To answer RQ2, the open coding method ( Richards, 1999 ) was employed to explore the speaking assessment topics that constituted the focus of each article in our collection. This means that a coding scheme was not specified a prior ; rather, it was generated through examining the abstracts or full texts to determine the topics and subtopics. RQ3 was investigated through coding the research methods that were employed by speaking assessment researchers. A broad coding scheme consisting of three categories was employed to code the research methods: (a) quantitatively oriented; (b) qualitatively oriented; and (c) mixed methods with both quantitative and qualitative orientations. Next, the open coding method was adopted to code the specific methods that were utilized under each broad category.

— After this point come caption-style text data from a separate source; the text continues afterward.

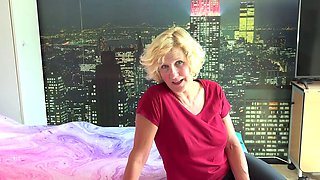 Beautiful mommy is alone on her bed masturbating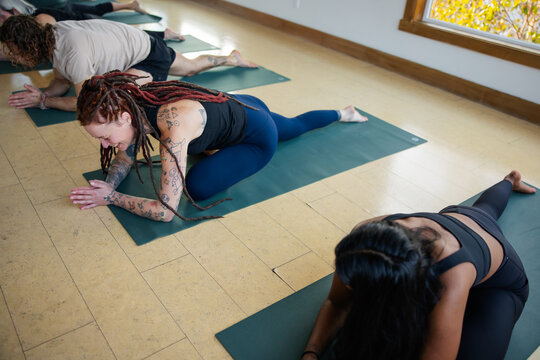 Woman smiling and enjoying group yoga class in pigeon pose.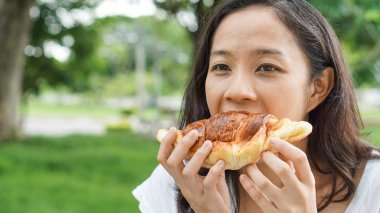 Holding ve yeşil renkli Park'ta taze pişmiş ekmek ekmek yeme Asyalı kadın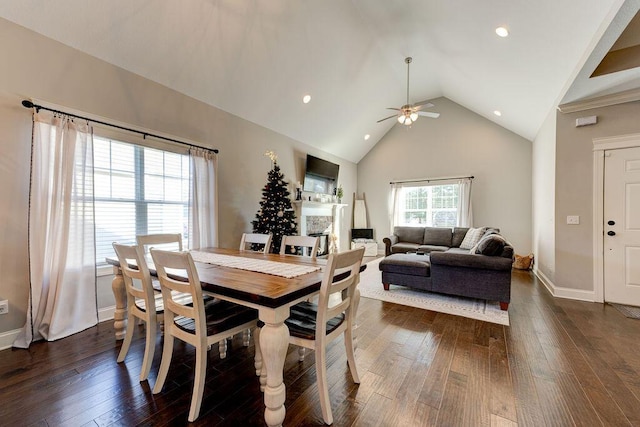 dining room featuring dark hardwood / wood-style flooring, high vaulted ceiling, and ceiling fan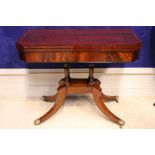 A VERY FINE REGENCY FOLD OVER CARD TABLE, with canted corners raised on 4 turned supports, sitting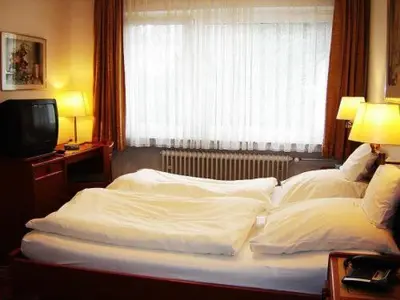 Ein Bett oder Betten in einem Zimmer der Unterkunft Hotel - Restaurant Reher Hof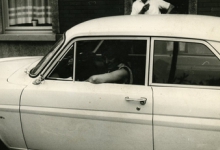 Lotje Kesteleyn in een wagen, Melle, 1960-1970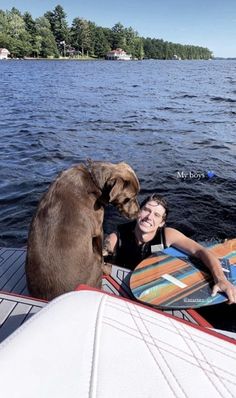 a woman and her dog on a boat in the water with their surfboards looking at each other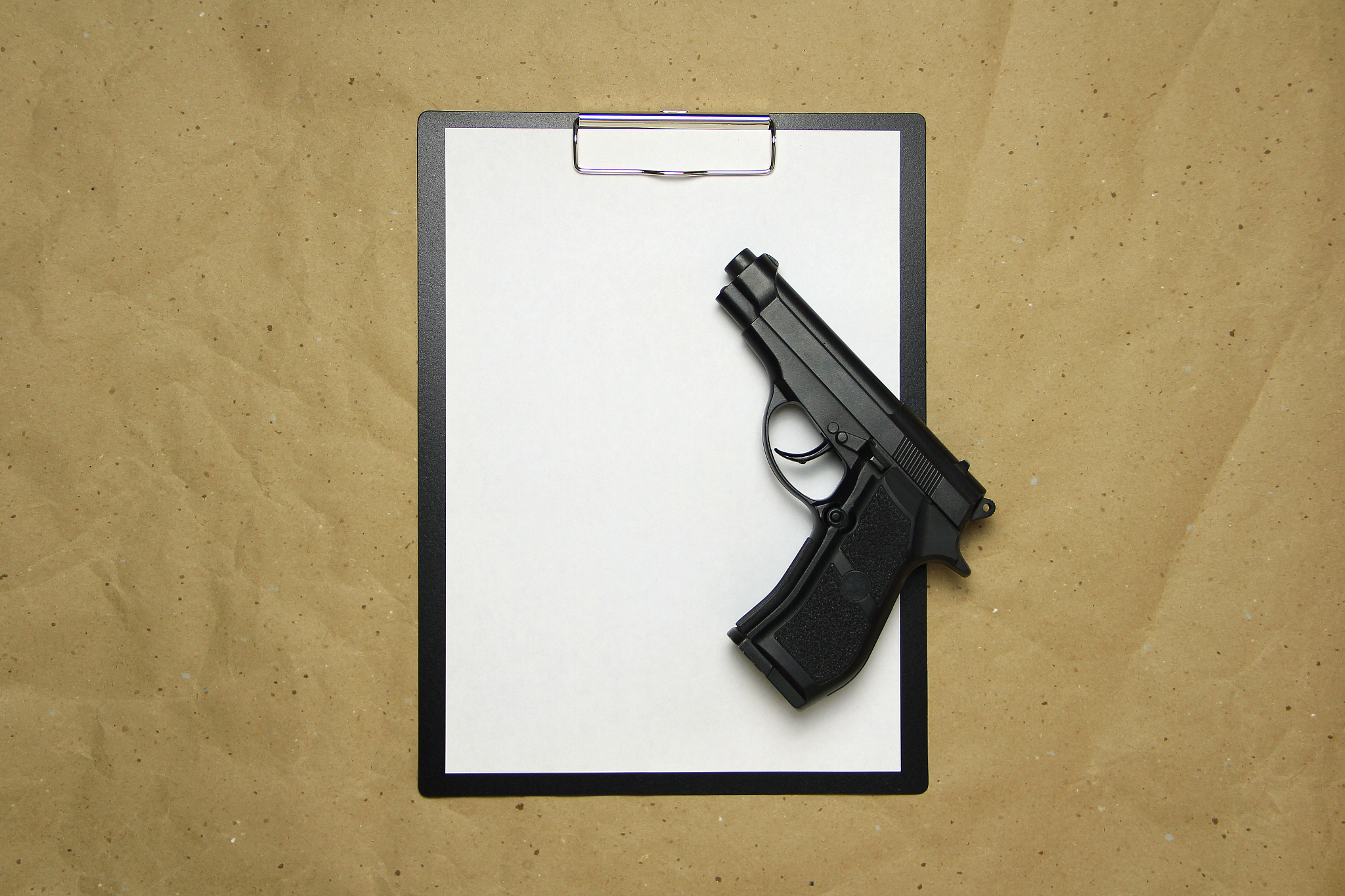 a tablet with a white sheet of a4 format on a beige craft paper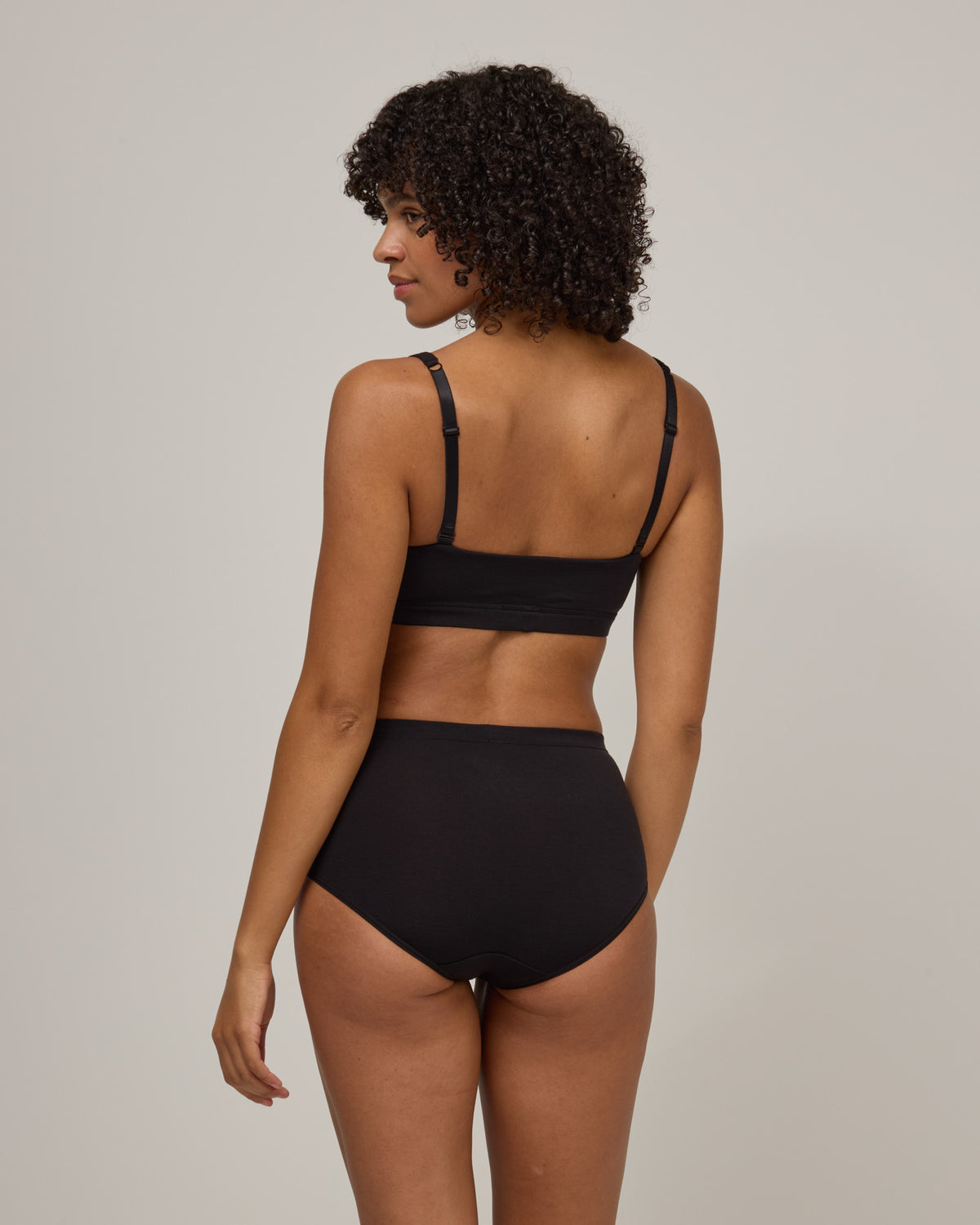 Model wearing Roam High Waist Bikini in Black. Roam High Waist Bikini is a merino wool underwear available in sizes XS-3X.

Matrix coding analysis ( Miles et al., 2014 ) was subsequently implemented in NVivo to explore the relationships between the speaking assessment topics, research methods and the six inferences in the argument-based validation framework. This would enable us to sketch the broad patterns of: (a) which topics on speaking assessment tended be investigated under each of the six inferences; (b) which research methods were frequently employed to collect the backings for the assumptions that underlie each inference.

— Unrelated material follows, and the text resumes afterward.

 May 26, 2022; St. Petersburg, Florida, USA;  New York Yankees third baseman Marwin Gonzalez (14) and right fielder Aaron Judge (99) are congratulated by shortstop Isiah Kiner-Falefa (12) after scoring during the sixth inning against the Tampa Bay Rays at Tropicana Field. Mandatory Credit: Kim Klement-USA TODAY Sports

The coding process underwent three iterative stages to ensure the reliability of the coding results. First, both authors coded 10 articles selected randomly from the dataset independently and then compared their coding results. Differences in coding results were resolved through discussion. Next, the first author coded the rest of the articles in NVivo, using the coding scheme that was generated during the first stage while adding new categories as they emerged from the coding process. Finally, the second author coded 20 articles (19.23%) which were randomly selected from the dataset, using the coding scheme that was determined during the second stage. Intercoder agreement was verified through calculating Cohen's kappa statistic in NVivo ( k = 0.93), which suggested satisfactory coding reliability.

Results and Discussion

Overall, our coding results indicate that a wide range of research was conducted of speaking assessment to interrogate the six inferences in the argument-based validation framework. These studies cover a variety of research topics, employing quantitative, qualitative, and mixed research methods. In this section, we describe and discuss the analysis results through showcasing the broad patterns that emerged from our coding process. Illustrative studies are used as appropriate to exemplify the research that was undertaken in assessing speaking proficiency.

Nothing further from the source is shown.